On the 100th anniversary of the BBC there was perhaps no better show to watch than the brilliant Spike, written by Ian Hislop & Nick Newman and directed by Paul Hart. Spike is a piece of genius comedy writing, perfectly performed and as timeless as the original.
Stepping us back into the early life of Terence Alan Milligan, Spike to everyone who knew him, we are given an insight into Milligan’s army life in WW2, the shellshock he suffered while storming Monte Cassino and his subsequent battles with depression and PTSD. Perhaps one of the best examples of the adage “there is a very fine line between genius and insanity”, Milligan is best remembered for his writing and performing on the Goon Show and it is around this that the show centres.
Set in the recording studios of BBC radio, the evening is ‘narrated’ by BBC Radio soundscape technician Janet (Margaret Cabourn-Smith), who interjects the story with hilarious glimpses of the ingenious and sometimes crazy ways sound effects were produced in the early 1950’s. Janet, and BBC announcer Peter Dukes, are wonderful with their BBC RP which in itself is almost as iconic of the 40’s & 50’s radio as the shows themselves.
The pace is relentless; it’s like sitting in a comedy washing machine on a hot wash and just as you feel you’re done it goes into the spin cycle. Robert Wilfort as Milligan is amazing; his capture of Spike’s manic approach to everything, his constant seeking for approval and his personal criticism doesn’t just ‘peel back the layers of the onion’, it cuts it in two, laying bare the whole cross section of Milligan’s psyche. Fellow Goons, Jeremey Lloyd as Harry Seacombe and Patrick Warner as Peter Sellers are worthy of holding centre stage themselves, just as the originals could do, but when mashed up into ‘The Goons’ they become so much bigger than the sum of their parts. At times the madcap and madness is almost too much to cope with, each vying to be as funny as the others, seamless complimenting yet always competing. Producer(s) James Mack tries his absolute best to channel their energy (having long given up on trying to control it), ever mindful of having to answer to the BBC Execs who still hold the hierarchical attitude of rank & place left over from the war. It was, in fact, Milligan’s experience of how officers dealt with his PTSD (even accusing him of cowardice and feigning injury) that left him with a deep seated resentment of authority. Robert Mountford, as the Director for Light Entertainment is the perfect epitome of such ...... Bollocks (I will replace this when I know what to write).

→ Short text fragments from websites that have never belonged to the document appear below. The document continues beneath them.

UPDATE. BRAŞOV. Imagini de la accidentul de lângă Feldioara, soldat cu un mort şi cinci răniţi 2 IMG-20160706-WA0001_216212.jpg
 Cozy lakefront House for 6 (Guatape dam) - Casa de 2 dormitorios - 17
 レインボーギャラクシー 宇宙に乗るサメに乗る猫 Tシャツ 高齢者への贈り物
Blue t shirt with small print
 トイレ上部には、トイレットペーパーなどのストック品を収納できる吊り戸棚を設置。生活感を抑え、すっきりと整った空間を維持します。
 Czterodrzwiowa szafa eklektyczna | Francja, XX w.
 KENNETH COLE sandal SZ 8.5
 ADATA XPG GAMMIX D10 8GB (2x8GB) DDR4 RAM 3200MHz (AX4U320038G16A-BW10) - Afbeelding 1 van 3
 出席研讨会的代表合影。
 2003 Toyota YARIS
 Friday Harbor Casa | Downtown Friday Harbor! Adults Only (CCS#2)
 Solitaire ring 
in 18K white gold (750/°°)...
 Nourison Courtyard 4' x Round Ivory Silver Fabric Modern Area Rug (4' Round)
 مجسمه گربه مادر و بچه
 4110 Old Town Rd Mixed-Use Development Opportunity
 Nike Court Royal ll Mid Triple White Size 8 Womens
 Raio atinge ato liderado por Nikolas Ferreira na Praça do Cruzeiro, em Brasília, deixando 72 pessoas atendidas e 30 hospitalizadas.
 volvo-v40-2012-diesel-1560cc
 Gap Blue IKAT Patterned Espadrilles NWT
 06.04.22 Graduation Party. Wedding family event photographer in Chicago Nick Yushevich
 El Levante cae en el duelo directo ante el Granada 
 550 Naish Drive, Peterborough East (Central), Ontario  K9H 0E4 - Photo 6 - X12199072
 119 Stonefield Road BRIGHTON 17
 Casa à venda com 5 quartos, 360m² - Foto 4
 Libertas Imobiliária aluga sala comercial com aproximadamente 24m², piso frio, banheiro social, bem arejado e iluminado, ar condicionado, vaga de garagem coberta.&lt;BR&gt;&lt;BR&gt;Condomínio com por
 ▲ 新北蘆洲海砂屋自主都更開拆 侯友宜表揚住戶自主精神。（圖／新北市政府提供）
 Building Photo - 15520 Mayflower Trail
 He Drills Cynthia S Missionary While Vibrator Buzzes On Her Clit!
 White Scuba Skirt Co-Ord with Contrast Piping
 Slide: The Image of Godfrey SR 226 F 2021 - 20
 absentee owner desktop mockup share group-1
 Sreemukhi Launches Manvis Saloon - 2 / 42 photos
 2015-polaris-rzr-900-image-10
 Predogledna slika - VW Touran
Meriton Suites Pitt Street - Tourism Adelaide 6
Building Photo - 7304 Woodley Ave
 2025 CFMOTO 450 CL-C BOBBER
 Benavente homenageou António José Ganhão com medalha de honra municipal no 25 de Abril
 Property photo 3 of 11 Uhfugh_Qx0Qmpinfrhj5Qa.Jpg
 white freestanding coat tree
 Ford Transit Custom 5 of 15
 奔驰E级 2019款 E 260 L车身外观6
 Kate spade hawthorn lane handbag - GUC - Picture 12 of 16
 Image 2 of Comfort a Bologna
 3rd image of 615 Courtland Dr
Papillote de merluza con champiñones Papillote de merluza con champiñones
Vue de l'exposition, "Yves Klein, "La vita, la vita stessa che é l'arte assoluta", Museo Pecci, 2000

Milligan’s long suffering wife June (Ellie Morris) does, as is so often the case, provide the unconditional love for our flawed genius, constantly trying to understand her husbands demons, trying so very hard to find a way she can help and protecting him from the world outside and himself inside.
The set (designed by Katie Lias), whilst at first appearing to be a simple cross section of the recording studio, is brilliantly designed to be able to seamlessly shift from the war torn battlefields of WW2, the local pub, psychiatric hospitals and the tortured mind of Spike. Lighting designer Rory Beaton producers an example of excellence that any budding lighting engineers should study.
Writers Ian Hislop and Nick Newman have created a show which transcends a simple homage to Spike Milligan; this is not just a look back to one of the country’s, if not the world’s, greatest comedians, but lays at our feet a view of the foundations for comedy as we know it today. This list of those who felt influenced by Milligan is staggering and those who they have then gone on to inspire is equally as impressive – his impact has exponentially affected the comedy world and I feel that, in their own way, Hislop and Newman, by bringing Spike back to the fore, can be seen as just as influential too.